Paler still is McKellan’s reading of Holmes. Sir Ian is clearly inspired by both the master Brett and the classic Basil Rathbone before him, aping their tone and diction, and here and there affecting the same aloof rattiness, that deliberately unnerving persona that Brett perfected. But it’s mere affectation; where Brett would veritably transform himself for the character – with that stiffened, tightly wound, catlike poise – McKellan’s Holmes is a softy, hunched as he ambles around on his cane, crumpled as he slumps into his bed or his high-backed chair. He puts his all into the character as written for him here, no mistaking that, but everything he does feels wrong.

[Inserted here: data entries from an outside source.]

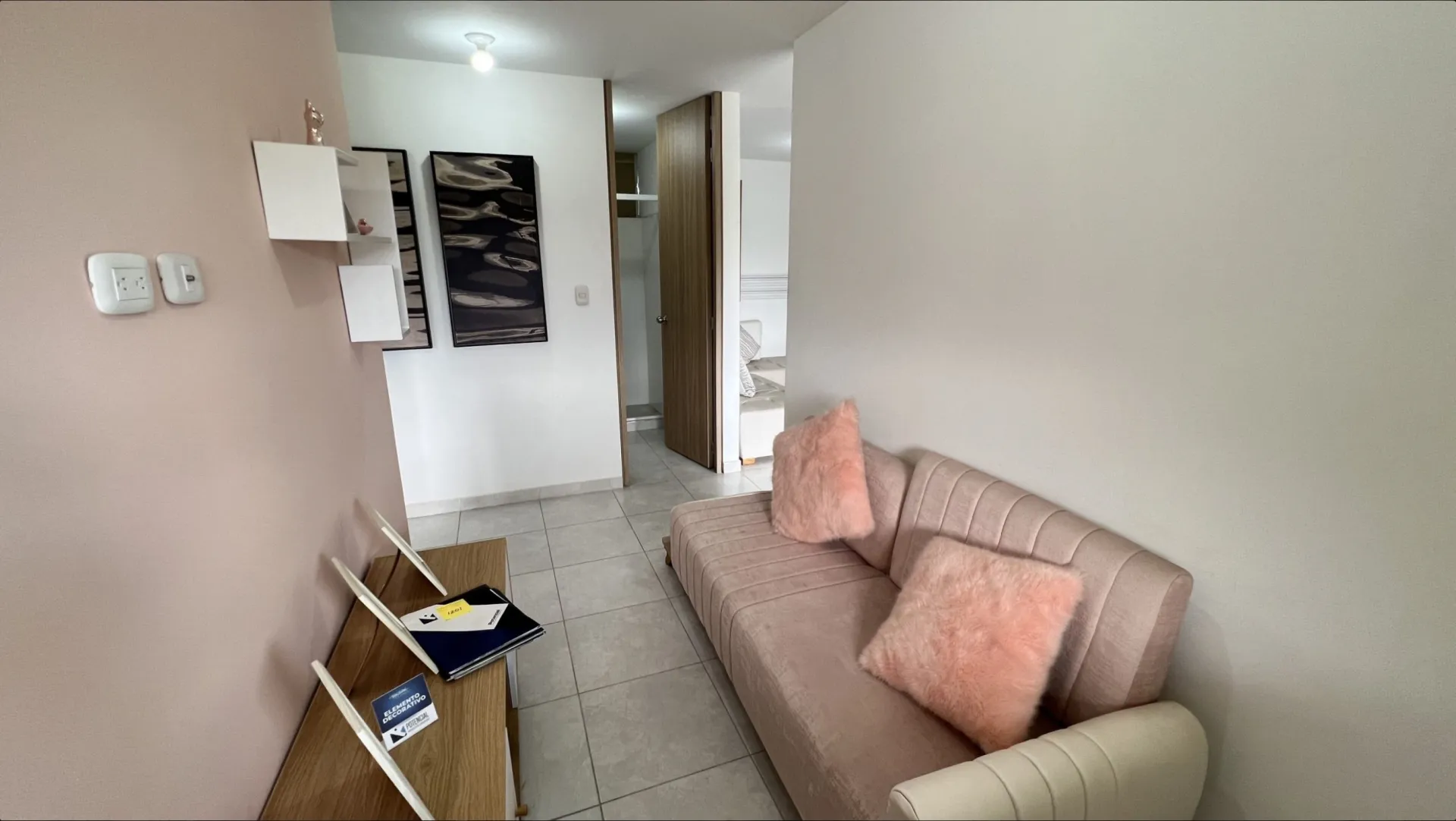 Rincón de estar en el pasillo del apartamento modelo de San Juan de la Cuesta, con sofá para descansar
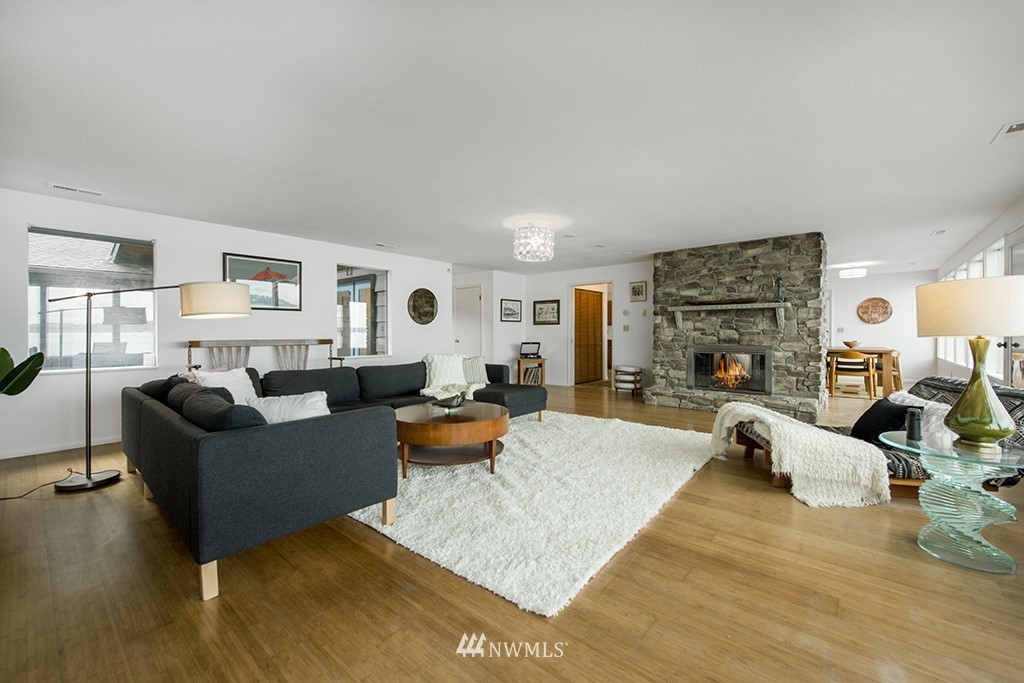 4336 Southwest Luana Beach Road Vashon, WA 98070 - Photo 6 of 40 a living room with furniture and a wooden floor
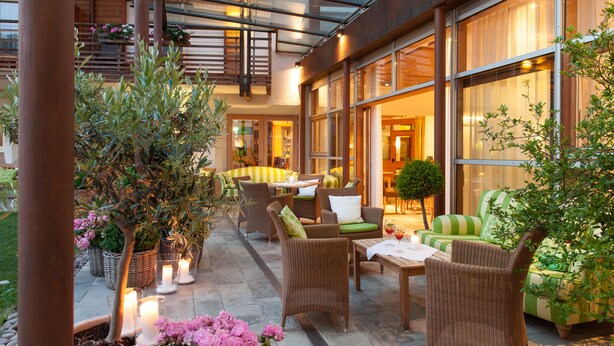 An outdoor seating area with wicker furniture, potted plants, and candles. - Hotel Heubad (Fie allo Sciliar)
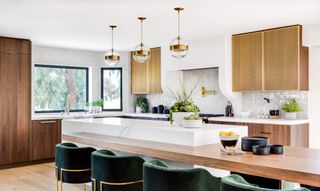 white kitchen with glass pendant lighting and wooden cabinets by Lindye Galloway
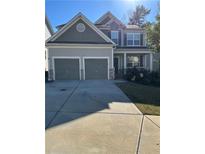 Two-story house with gray siding, two-car garage, and manicured lawn at 2013 Chesley Dr, Austell, GA 30106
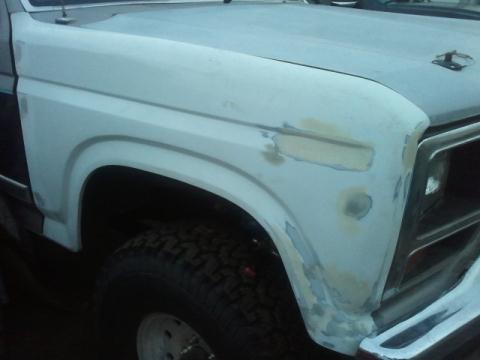 1986 Ford Bronco - This Ford truck is undergoing body repairs, with primer and filler visible on the fender and fender.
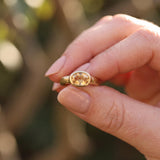 A close-up image of a person's hand holding a gold ring with a yellow gemstone, possibly an amber or amber-colored gemstone.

That only brings us to the story’s fatal undermining flaw because yet again, alas, we have a production that fails utterly to understand the essence of Sherlock Holmes. Cullin’s story, and Condon’s take on it, are determined to give Holmes a humanity they feel he’s lacking, as if that coolly analytical, often rude and standoffish man from the books were but a fiction, a disguise hiding the ‘real’ Holmes beneath. Person and persona and all that.

But the whole point of Sherlock Holmes is that he doesn’t express humanity as you or I would understand it. He is, to his very core, exactly as he is portrayed in the original stories: a creature of pure logic, an organic problem-solving machine. Has has no time for pleasantries, for the frivolities that colour our lives, for emotion or sentimentality. Forget not suffering fools gladly; Holmes doesn’t suffer anyone. Even Watson, his closest ‘friend’, is for the longest time a curiosity to him above all else. He holds no stock in the things that make life worth living for the rest of us. That’s what Watson is for, in part: as Holmes’ humanising factor.

Yet Mr Holmes persists with the notion that Sherlock Holmes is some misunderstood tragic figure, lumped for years with a bumbling accomplice, and that all he needed was a deep emotional connection with a woman or a child to make him whole or something like that. Gah, I spit on it! It’s fan fiction of the worst kind, and it has no business being on a cinema screen pretending that there’s any man behind the myth of its own making.